# What to work on
Copy the data word for word, keeping every line.

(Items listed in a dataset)
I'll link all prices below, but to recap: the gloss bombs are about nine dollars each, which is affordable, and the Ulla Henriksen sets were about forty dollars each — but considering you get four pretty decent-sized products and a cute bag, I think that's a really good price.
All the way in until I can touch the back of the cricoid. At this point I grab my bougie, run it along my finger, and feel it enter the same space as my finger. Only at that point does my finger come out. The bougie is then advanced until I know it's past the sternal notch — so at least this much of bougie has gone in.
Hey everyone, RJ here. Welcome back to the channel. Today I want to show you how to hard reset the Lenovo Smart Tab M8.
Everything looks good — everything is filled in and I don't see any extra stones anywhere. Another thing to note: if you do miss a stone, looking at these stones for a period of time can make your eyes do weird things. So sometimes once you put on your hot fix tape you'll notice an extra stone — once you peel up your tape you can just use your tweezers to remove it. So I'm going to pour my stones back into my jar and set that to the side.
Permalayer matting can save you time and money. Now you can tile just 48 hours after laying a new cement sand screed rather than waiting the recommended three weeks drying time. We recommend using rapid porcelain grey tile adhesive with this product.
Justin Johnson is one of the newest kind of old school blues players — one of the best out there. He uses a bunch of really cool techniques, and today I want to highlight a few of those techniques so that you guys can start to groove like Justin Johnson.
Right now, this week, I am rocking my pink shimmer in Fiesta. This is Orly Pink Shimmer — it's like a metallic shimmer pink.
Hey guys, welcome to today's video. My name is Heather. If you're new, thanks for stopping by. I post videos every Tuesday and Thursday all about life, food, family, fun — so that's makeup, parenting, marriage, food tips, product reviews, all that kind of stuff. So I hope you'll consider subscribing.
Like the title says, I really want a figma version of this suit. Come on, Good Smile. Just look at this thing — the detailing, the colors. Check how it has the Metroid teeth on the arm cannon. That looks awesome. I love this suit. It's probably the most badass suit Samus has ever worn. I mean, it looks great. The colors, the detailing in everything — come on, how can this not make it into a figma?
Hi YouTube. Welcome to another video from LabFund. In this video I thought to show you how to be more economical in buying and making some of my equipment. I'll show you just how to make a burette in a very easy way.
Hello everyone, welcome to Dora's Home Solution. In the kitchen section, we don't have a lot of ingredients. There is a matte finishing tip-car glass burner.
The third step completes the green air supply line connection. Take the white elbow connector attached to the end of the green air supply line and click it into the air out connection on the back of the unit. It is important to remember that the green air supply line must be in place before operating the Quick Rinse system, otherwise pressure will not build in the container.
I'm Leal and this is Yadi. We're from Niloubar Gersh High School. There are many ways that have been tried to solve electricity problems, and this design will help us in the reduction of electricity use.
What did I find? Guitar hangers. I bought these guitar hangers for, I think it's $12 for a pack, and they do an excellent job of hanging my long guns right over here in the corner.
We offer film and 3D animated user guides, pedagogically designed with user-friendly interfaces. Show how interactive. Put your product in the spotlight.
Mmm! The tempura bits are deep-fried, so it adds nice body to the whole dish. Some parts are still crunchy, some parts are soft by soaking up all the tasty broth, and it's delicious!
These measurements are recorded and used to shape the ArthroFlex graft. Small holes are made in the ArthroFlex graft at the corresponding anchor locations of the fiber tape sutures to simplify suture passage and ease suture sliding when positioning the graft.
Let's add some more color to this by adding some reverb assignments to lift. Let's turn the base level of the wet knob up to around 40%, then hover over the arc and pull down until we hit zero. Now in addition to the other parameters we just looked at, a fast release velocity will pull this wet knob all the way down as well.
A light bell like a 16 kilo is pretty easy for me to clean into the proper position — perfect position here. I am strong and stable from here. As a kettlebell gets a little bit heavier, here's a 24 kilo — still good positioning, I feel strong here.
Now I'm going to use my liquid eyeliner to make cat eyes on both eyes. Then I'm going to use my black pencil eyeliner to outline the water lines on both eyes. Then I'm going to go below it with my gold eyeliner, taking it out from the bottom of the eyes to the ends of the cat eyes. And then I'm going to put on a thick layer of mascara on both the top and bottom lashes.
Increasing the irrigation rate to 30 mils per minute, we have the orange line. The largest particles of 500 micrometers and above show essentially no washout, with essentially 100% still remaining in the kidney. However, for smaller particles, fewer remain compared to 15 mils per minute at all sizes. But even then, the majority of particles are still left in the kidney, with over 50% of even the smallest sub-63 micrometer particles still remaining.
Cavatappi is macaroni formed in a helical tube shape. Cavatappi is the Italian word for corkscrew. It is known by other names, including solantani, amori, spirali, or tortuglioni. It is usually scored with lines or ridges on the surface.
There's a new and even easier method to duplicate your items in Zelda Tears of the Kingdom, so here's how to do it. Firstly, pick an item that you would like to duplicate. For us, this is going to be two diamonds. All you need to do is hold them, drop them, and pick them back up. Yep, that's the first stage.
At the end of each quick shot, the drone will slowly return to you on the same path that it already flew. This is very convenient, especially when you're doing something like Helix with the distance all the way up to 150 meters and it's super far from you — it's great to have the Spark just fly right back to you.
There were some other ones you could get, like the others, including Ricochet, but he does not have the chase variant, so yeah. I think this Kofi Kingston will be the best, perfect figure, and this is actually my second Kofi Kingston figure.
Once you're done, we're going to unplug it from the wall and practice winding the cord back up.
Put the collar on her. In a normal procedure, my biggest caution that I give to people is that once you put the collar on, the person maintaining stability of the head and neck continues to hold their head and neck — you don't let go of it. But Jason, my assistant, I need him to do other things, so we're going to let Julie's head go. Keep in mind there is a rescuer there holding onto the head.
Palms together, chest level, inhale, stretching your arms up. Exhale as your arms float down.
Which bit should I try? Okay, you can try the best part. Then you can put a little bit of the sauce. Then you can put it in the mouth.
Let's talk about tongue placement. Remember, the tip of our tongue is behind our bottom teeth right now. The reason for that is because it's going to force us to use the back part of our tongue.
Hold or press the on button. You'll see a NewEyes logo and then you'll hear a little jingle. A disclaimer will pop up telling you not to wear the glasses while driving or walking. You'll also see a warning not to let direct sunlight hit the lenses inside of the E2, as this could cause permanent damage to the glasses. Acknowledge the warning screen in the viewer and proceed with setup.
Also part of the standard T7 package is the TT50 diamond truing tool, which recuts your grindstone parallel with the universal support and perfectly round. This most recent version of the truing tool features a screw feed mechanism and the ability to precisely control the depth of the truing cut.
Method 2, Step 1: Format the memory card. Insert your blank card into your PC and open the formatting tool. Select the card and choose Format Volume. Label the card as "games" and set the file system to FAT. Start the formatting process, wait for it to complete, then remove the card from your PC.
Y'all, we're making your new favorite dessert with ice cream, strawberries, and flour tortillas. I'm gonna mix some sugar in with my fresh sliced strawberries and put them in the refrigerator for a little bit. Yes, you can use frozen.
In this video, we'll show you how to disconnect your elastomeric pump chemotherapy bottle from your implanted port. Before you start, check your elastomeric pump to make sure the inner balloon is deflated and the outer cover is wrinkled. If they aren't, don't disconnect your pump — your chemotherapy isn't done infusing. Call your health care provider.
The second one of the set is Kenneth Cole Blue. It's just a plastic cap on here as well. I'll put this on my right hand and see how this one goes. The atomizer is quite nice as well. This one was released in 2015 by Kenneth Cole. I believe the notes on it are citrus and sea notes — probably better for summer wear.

# Task output
I'll link all prices below, but to recap: the gloss bombs are about nine dollars each, which is affordable, and the Ulla Henriksen sets were about forty dollars each — but considering you get four pretty decent-sized products and a cute bag, I think that's a really good price.
All the way in until I can touch the back of the cricoid. At this point I grab my bougie, run it along my finger, and feel it enter the same space as my finger. Only at that point does my finger come out. The bougie is then advanced until I know it's past the sternal notch — so at least this much of bougie has gone in.
Hey everyone, RJ here. Welcome back to the channel. Today I want to show you how to hard reset the Lenovo Smart Tab M8.
Everything looks good — everything is filled in and I don't see any extra stones anywhere. Another thing to note: if you do miss a stone, looking at these stones for a period of time can make your eyes do weird things. So sometimes once you put on your hot fix tape you'll notice an extra stone — once you peel up your tape you can just use your tweezers to remove it. So I'm going to pour my stones back into my jar and set that to the side.
Permalayer matting can save you time and money. Now you can tile just 48 hours after laying a new cement sand screed rather than waiting the recommended three weeks drying time. We recommend using rapid porcelain grey tile adhesive with this product.
Justin Johnson is one of the newest kind of old school blues players — one of the best out there. He uses a bunch of really cool techniques, and today I want to highlight a few of those techniques so that you guys can start to groove like Justin Johnson.
Right now, this week, I am rocking my pink shimmer in Fiesta. This is Orly Pink Shimmer — it's like a metallic shimmer pink.
Hey guys, welcome to today's video. My name is Heather. If you're new, thanks for stopping by. I post videos every Tuesday and Thursday all about life, food, family, fun — so that's makeup, parenting, marriage, food tips, product reviews, all that kind of stuff. So I hope you'll consider subscribing.
Like the title says, I really want a figma version of this suit. Come on, Good Smile. Just look at this thing — the detailing, the colors. Check how it has the Metroid teeth on the arm cannon. That looks awesome. I love this suit. It's probably the most badass suit Samus has ever worn. I mean, it looks great. The colors, the detailing in everything — come on, how can this not make it into a figma?
Hi YouTube. Welcome to another video from LabFund. In this video I thought to show you how to be more economical in buying and making some of my equipment. I'll show you just how to make a burette in a very easy way.
Hello everyone, welcome to Dora's Home Solution. In the kitchen section, we don't have a lot of ingredients. There is a matte finishing tip-car glass burner.
The third step completes the green air supply line connection. Take the white elbow connector attached to the end of the green air supply line and click it into the air out connection on the back of the unit. It is important to remember that the green air supply line must be in place before operating the Quick Rinse system, otherwise pressure will not build in the container.
I'm Leal and this is Yadi. We're from Niloubar Gersh High School. There are many ways that have been tried to solve electricity problems, and this design will help us in the reduction of electricity use.
What did I find? Guitar hangers. I bought these guitar hangers for, I think it's $12 for a pack, and they do an excellent job of hanging my long guns right over here in the corner.
We offer film and 3D animated user guides, pedagogically designed with user-friendly interfaces. Show how interactive. Put your product in the spotlight.
Mmm! The tempura bits are deep-fried, so it adds nice body to the whole dish. Some parts are still crunchy, some parts are soft by soaking up all the tasty broth, and it's delicious!
These measurements are recorded and used to shape the ArthroFlex graft. Small holes are made in the ArthroFlex graft at the corresponding anchor locations of the fiber tape sutures to simplify suture passage and ease suture sliding when positioning the graft.
Let's add some more color to this by adding some reverb assignments to lift. Let's turn the base level of the wet knob up to around 40%, then hover over the arc and pull down until we hit zero. Now in addition to the other parameters we just looked at, a fast release velocity will pull this wet knob all the way down as well.
A light bell like a 16 kilo is pretty easy for me to clean into the proper position — perfect position here. I am strong and stable from here. As a kettlebell gets a little bit heavier, here's a 24 kilo — still good positioning, I feel strong here.
Now I'm going to use my liquid eyeliner to make cat eyes on both eyes. Then I'm going to use my black pencil eyeliner to outline the water lines on both eyes. Then I'm going to go below it with my gold eyeliner, taking it out from the bottom of the eyes to the ends of the cat eyes. And then I'm going to put on a thick layer of mascara on both the top and bottom lashes.
Increasing the irrigation rate to 30 mils per minute, we have the orange line. The largest particles of 500 micrometers and above show essentially no washout, with essentially 100% still remaining in the kidney. However, for smaller particles, fewer remain compared to 15 mils per minute at all sizes. But even then, the majority of particles are still left in the kidney, with over 50% of even the smallest sub-63 micrometer particles still remaining.
Cavatappi is macaroni formed in a helical tube shape. Cavatappi is the Italian word for corkscrew. It is known by other names, including solantani, amori, spirali, or tortuglioni. It is usually scored with lines or ridges on the surface.
There's a new and even easier method to duplicate your items in Zelda Tears of the Kingdom, so here's how to do it. Firstly, pick an item that you would like to duplicate. For us, this is going to be two diamonds. All you need to do is hold them, drop them, and pick them back up. Yep, that's the first stage.
At the end of each quick shot, the drone will slowly return to you on the same path that it already flew. This is very convenient, especially when you're doing something like Helix with the distance all the way up to 150 meters and it's super far from you — it's great to have the Spark just fly right back to you.
There were some other ones you could get, like the others, including Ricochet, but he does not have the chase variant, so yeah. I think this Kofi Kingston will be the best, perfect figure, and this is actually my second Kofi Kingston figure.
Once you're done, we're going to unplug it from the wall and practice winding the cord back up.
Put the collar on her. In a normal procedure, my biggest caution that I give to people is that once you put the collar on, the person maintaining stability of the head and neck continues to hold their head and neck — you don't let go of it. But Jason, my assistant, I need him to do other things, so we're going to let Julie's head go. Keep in mind there is a rescuer there holding onto the head.
Palms together, chest level, inhale, stretching your arms up. Exhale as your arms float down.
Which bit should I try? Okay, you can try the best part. Then you can put a little bit of the sauce. Then you can put it in the mouth.
Let's talk about tongue placement. Remember, the tip of our tongue is behind our bottom teeth right now. The reason for that is because it's going to force us to use the back part of our tongue.
Hold or press the on button. You'll see a NewEyes logo and then you'll hear a little jingle. A disclaimer will pop up telling you not to wear the glasses while driving or walking. You'll also see a warning not to let direct sunlight hit the lenses inside of the E2, as this could cause permanent damage to the glasses. Acknowledge the warning screen in the viewer and proceed with setup.
Also part of the standard T7 package is the TT50 diamond truing tool, which recuts your grindstone parallel with the universal support and perfectly round. This most recent version of the truing tool features a screw feed mechanism and the ability to precisely control the depth of the truing cut.
Method 2, Step 1: Format the memory card. Insert your blank card into your PC and open the formatting tool. Select the card and choose Format Volume. Label the card as "games" and set the file system to FAT. Start the formatting process, wait for it to complete, then remove the card from your PC.
Y'all, we're making your new favorite dessert with ice cream, strawberries, and flour tortillas. I'm gonna mix some sugar in with my fresh sliced strawberries and put them in the refrigerator for a little bit. Yes, you can use frozen.
In this video, we'll show you how to disconnect your elastomeric pump chemotherapy bottle from your implanted port. Before you start, check your elastomeric pump to make sure the inner balloon is deflated and the outer cover is wrinkled. If they aren't, don't disconnect your pump — your chemotherapy isn't done infusing. Call your health care provider.
The second one of the set is Kenneth Cole Blue. It's just a plastic cap on here as well. I'll put this on my right hand and see how this one goes. The atomizer is quite nice as well. This one was released in 2015 by Kenneth Cole. I believe the notes on it are citrus and sea notes — probably better for summer wear.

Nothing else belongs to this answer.